Investissement

 

La capacité d’investissement, telle qu’elle caractérise la société industrielle qui se trouve requise par le machinisme, est ce qui suppose du capital libre – libre de s’investir dans un risque entrepreneurial qu’il accompagne et dont il est distinct : il n’y a pas de capitalisme sans économie bancaire.

 

Mais l’investissement (dans la langue de Freud, Besetzung) est aussi ce qui caractérise le désir dans son rapport à l’objet, et par où précisément ses énergies primaires (les pulsions) transformé en énergie libidinale investie dans un objet, ce qui suppose que l’énergie pulsionnelle soit elle-même libre, c’est à dire capable de se détourner de son but premier : ce que Freud nomme freie Energie.

 

Pour Ars Industrialis, le capitalisme n’est pas seulement un mode de production industriel ni une financiarisation de l’échange marchand : il est d’abord une économie libidinale qui,dans sa forme actuelle, a conduit à l’épuisement du désir, ce pourquoi le capitalisme est devenu auto-destructeur. Dire du capitalisme actuel qu’il est privé de désir, c’est dire que le capitalisme n’investit plus, qu’il tend à épuiser toute possibilité d’investissement. Ce qui s’épuise n’est pas seulement le capitalisme hyper-spéculatif à tendance mafieuse, mais l’investissementen général, soit le désir du consommateur qui ne désire plus ce qu’il consomme, mais qui en est devenu dépendant – le marketing de l’addiction sollicitant désormais directement ses pulsions.

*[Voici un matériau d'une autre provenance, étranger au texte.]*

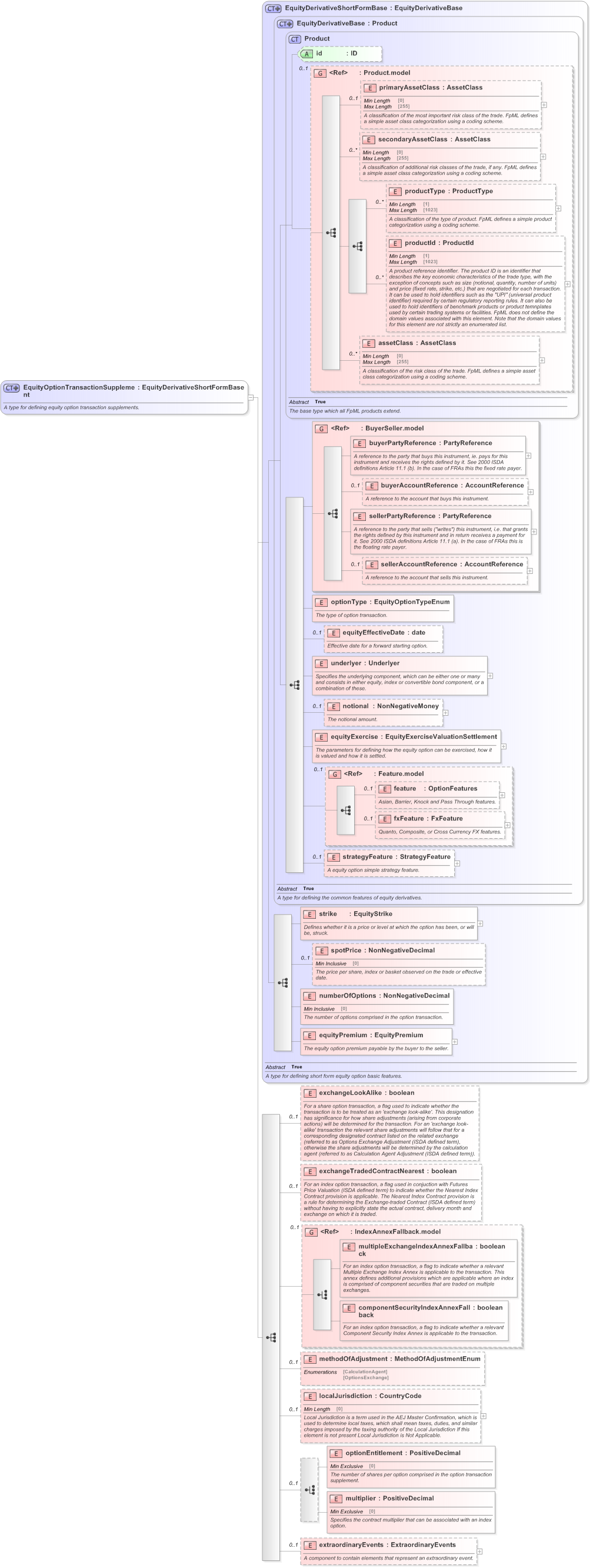 XSD Diagram of EquityOptionTransactionSupplement in schema fpml-eqd-5-9_xsd (Financial products Markup Language (FpML®) - Confirmation)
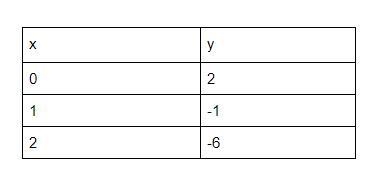 Help please :( Use the table below to asnwer this question: Find the average rate-example-1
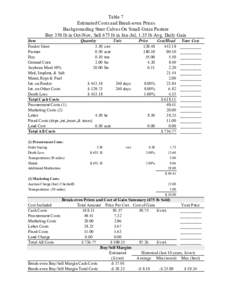 Table 7 Estimated Costs and Break-even Prices Backgrounding Steer Calves On Small Grain Pasture Buy 350 lb in Oct-Nov, Sell 675 lb in Jun-Jul, 1.35 lb Avg. Daily Gain Item Quantity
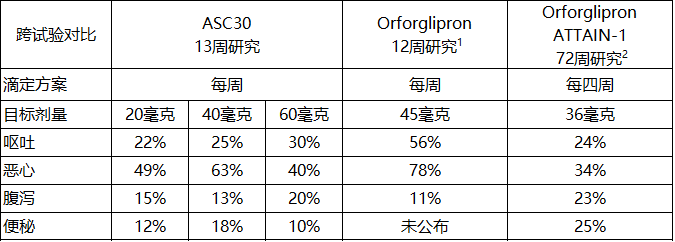 表格-CN.png 表格-CN.png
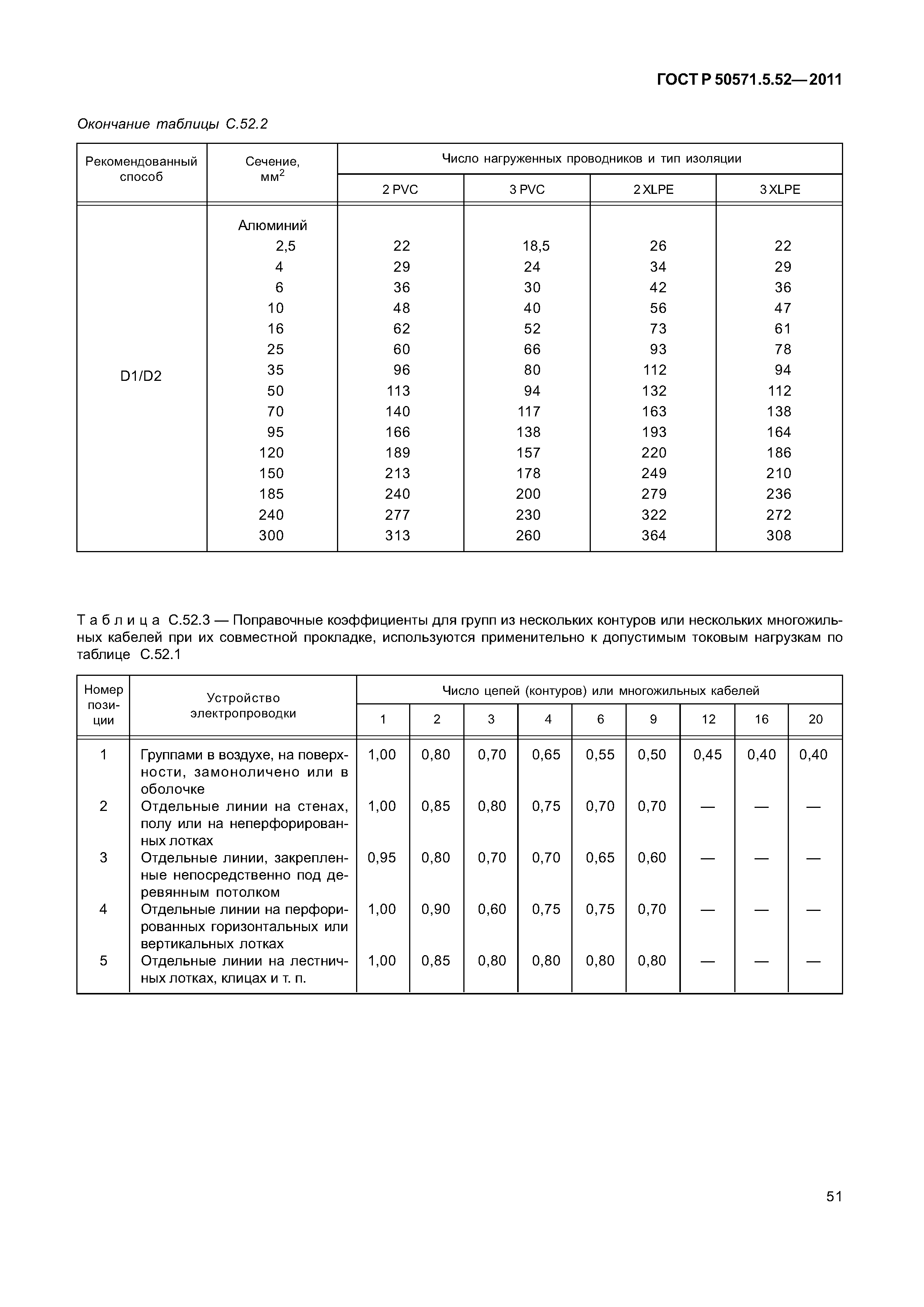 ГОСТ Р 50571.5.52-2011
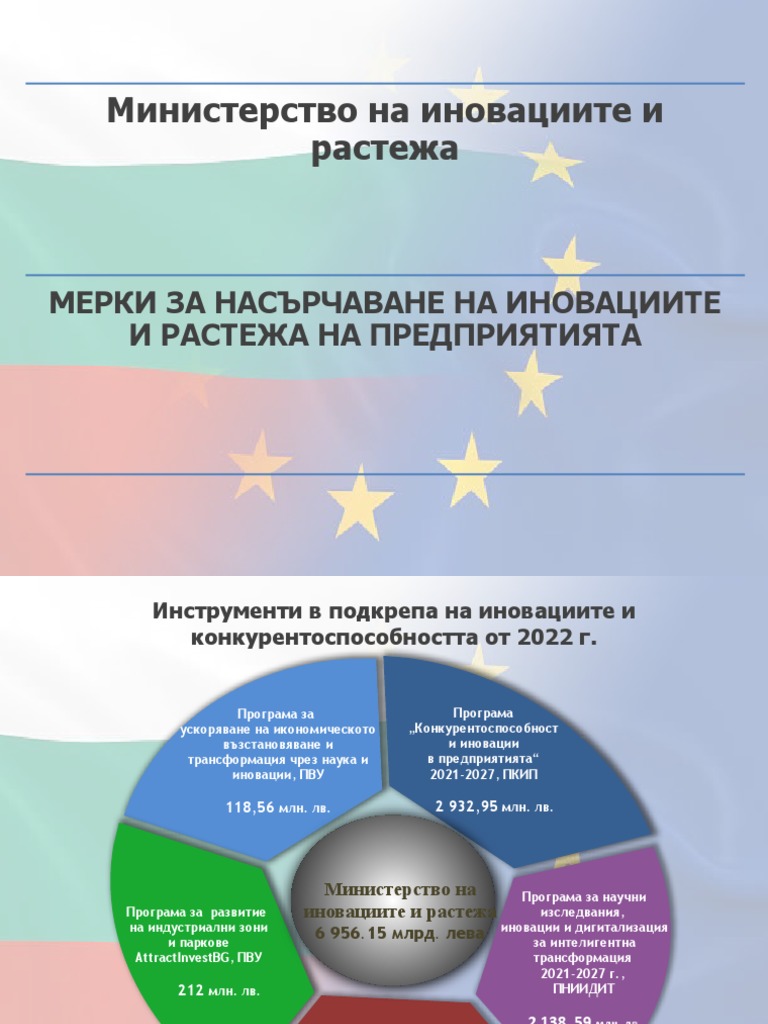 MIG Instruments 30.03.2023 PDF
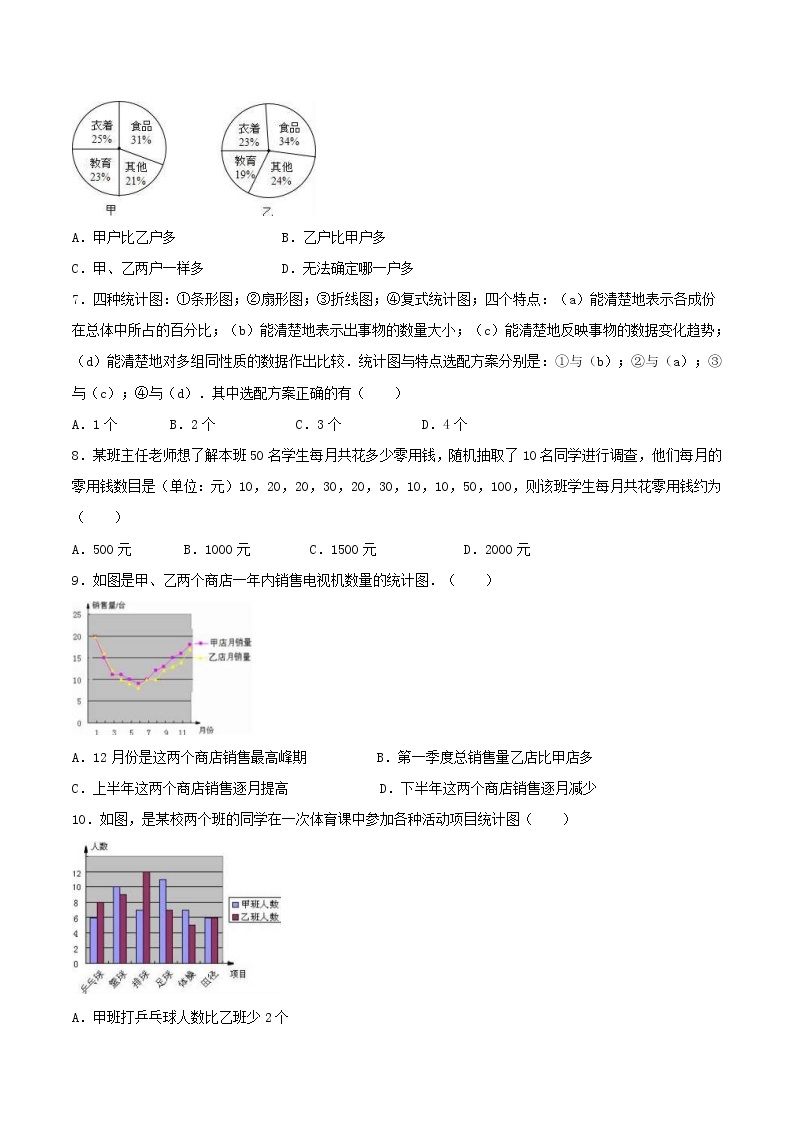 2020年湘教版七年级数学上册 数据收集与统计图 单元测试卷三（含答案）02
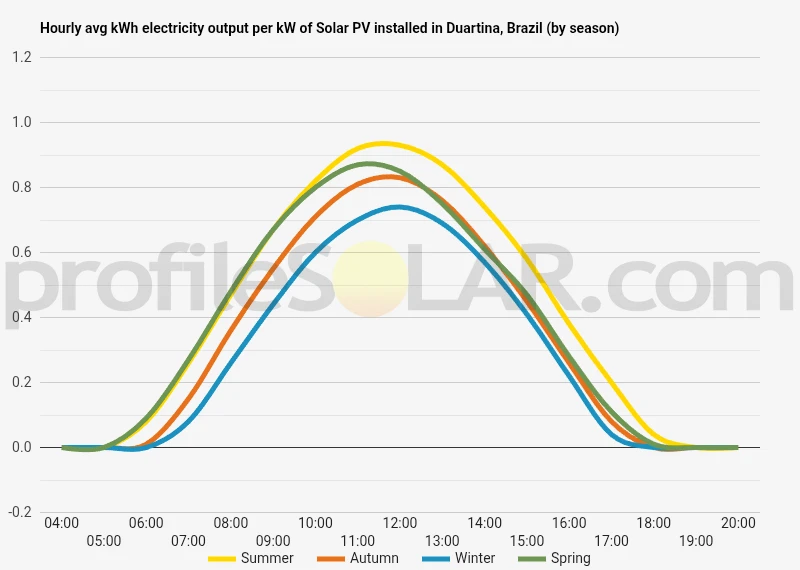 Graph of hourly avg kWh electricity output per kW of Solar PV installed in Duartina, Brazil (by season)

Les politiciens qui tentent de nous rassurer en annonçant la « relance par la consommation » ne comprennent pas que c’est elle qui est devenue le problème puisqu’elle fait désormais système avec un capitalisme financier fondé sur le désinvestissement : sur l’infidélité systémique de tous à l’égard de tous et de tous à l’égard de tout.

 

Le nouveau capitalisme mondial ne renouvellera ses énergies qu’à la condition d’inventer une nouvelle logique et de nouveaux objets d’investissements, au double sens de l’économie industrielle et de l’économie libidinale, en tirant parti des technologies numériques de l’esprit qui rompent structurellement avec le modèle fondé sur l’opposition production/consommation – l’impératif n’étant ni la relance par la consommation, ni une pseudo-relance par l’investissement dans le modèle consumériste, mais la relance par la reconstruction du désir.